Fortunately, when issues arise, solutions surface. Alibaba has open-sourced a TransmittableThreadLocal component, which resolves this problem. Those interested may consult additional resources.
In our project, logging is done using ELK + Logstash, with Kibana employed for display and retrieval.
Currently, services deploy distributed systems providing services externally; inter-project call relationships can be linked via traceId. However, how should traceId be transferred between different projects?
Here we employ org.slf4j.MDC to achieve this, which is implemented internally via ThreadLocal. The specific execution is as follows:
When the frontend sends a request to Service A, Service A generates a traceId string akin to UUID, placing it into the current thread's ThreadLocal. In calling Service B, this traceId is inserted into the request's headers; upon Service B receiving the request, it first examines whether the request’s headers contain traceId, and if present, it writes it into its own thread’s ThreadLocal.

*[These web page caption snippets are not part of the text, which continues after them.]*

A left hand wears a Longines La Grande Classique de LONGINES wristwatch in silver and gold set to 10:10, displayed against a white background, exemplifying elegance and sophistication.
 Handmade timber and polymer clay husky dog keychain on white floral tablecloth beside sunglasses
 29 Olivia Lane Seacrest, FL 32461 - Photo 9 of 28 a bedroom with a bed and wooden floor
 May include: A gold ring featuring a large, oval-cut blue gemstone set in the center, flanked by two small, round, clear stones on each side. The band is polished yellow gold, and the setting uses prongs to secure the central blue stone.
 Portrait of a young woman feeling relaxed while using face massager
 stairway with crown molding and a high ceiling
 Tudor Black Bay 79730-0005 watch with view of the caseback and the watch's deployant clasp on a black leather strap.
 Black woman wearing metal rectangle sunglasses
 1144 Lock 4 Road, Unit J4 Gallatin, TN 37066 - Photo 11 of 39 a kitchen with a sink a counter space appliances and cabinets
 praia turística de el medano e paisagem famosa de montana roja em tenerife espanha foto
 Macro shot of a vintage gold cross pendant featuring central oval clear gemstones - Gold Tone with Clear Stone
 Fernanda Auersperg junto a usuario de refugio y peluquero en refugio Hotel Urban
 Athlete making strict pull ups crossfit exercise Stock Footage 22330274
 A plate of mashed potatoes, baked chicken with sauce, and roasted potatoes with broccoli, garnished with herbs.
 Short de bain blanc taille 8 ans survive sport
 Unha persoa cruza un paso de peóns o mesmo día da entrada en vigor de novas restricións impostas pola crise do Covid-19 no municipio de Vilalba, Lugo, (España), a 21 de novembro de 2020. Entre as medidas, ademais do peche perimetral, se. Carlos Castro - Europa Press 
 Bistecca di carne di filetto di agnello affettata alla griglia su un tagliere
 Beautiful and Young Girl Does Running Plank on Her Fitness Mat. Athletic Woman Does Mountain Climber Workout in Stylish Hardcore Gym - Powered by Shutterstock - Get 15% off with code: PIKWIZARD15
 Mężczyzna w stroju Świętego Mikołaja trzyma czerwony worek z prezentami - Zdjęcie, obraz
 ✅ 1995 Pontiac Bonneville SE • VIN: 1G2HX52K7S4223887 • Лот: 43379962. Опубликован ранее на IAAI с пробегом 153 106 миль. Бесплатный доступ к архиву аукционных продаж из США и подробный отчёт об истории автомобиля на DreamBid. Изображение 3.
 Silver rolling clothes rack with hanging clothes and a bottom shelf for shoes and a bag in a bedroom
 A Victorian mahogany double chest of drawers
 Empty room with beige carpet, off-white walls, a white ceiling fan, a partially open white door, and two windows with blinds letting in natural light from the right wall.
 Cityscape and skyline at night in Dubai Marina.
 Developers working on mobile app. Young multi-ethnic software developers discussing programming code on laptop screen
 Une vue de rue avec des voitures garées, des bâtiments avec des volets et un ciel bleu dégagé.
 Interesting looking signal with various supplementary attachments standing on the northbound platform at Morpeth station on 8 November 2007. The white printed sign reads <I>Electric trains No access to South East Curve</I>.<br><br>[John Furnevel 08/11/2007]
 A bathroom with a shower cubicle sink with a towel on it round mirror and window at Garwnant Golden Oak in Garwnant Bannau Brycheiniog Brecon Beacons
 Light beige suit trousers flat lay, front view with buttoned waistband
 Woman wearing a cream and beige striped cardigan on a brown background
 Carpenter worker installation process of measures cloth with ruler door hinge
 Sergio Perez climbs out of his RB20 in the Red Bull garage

In the diagram, requestId represents our traceId associated with different system chains, enabling mutual calls. This also permits additional scenarios:
For these scenarios, we can devise appropriate solutions, as outlined below.
Service Sending Request:
@Component
@Slf4j
public class FeignInvokeInterceptor implements RequestInterceptor {
@Override
public void apply(RequestTemplate template) {
String requestId = MDC.get("requestId");
if (StringUtils.isNotBlank(requestId)) {
template.header("requestId", requestId);
}
}
}Service Receiving Request:
@Slf4j
@Component
public class LogInterceptor extends HandlerInterceptorAdapter {
@Override
public void afterCompletion(HttpServletRequest arg0, HttpServletResponse arg1, Object arg2, Exception arg3) {
MDC.remove("requestId");
}
@Override
public void postHandle(HttpServletRequest arg0, HttpServletResponse arg1, Object arg2, ModelAndView arg3) {
}
@Override
public boolean preHandle(HttpServletRequest request, HttpServletResponse response, Object handler) throws Exception {
String requestId = request.getHeader(BaseConstant.REQUEST_ID_KEY);
if (StringUtils.isBlank(requestId)) {
requestId = UUID.randomUUID().toString().replace("-", "");
}
MDC.put("requestId", requestId);
return true;
}
}Since MDC is implemented based on ThreadLocal, during asynchronous execution, child threads cannot access data stored in the parent thread's ThreadLocal. Therefore, we can add a customized thread pool executor and modify the run() method:
public class MyThreadPoolTaskExecutor extends ThreadPoolTaskExecutor {
@Override
public void execute(Runnable runnable) {
Map<String, String> context = MDC.getCopyOfContextMap();
super.execute(() -> run(runnable, context));
}
@Override
private void run(Runnable runnable, Map<String, String> context) {
if (context != null) {
MDC.setContextMap(context);
}
try {
runnable.run();
} finally {
MDC.remove();
}
}
}A custom attribute named requestId is added to the message body in MQ. Upon consumer retrieval of the message, they can decode and utilize requestId at will.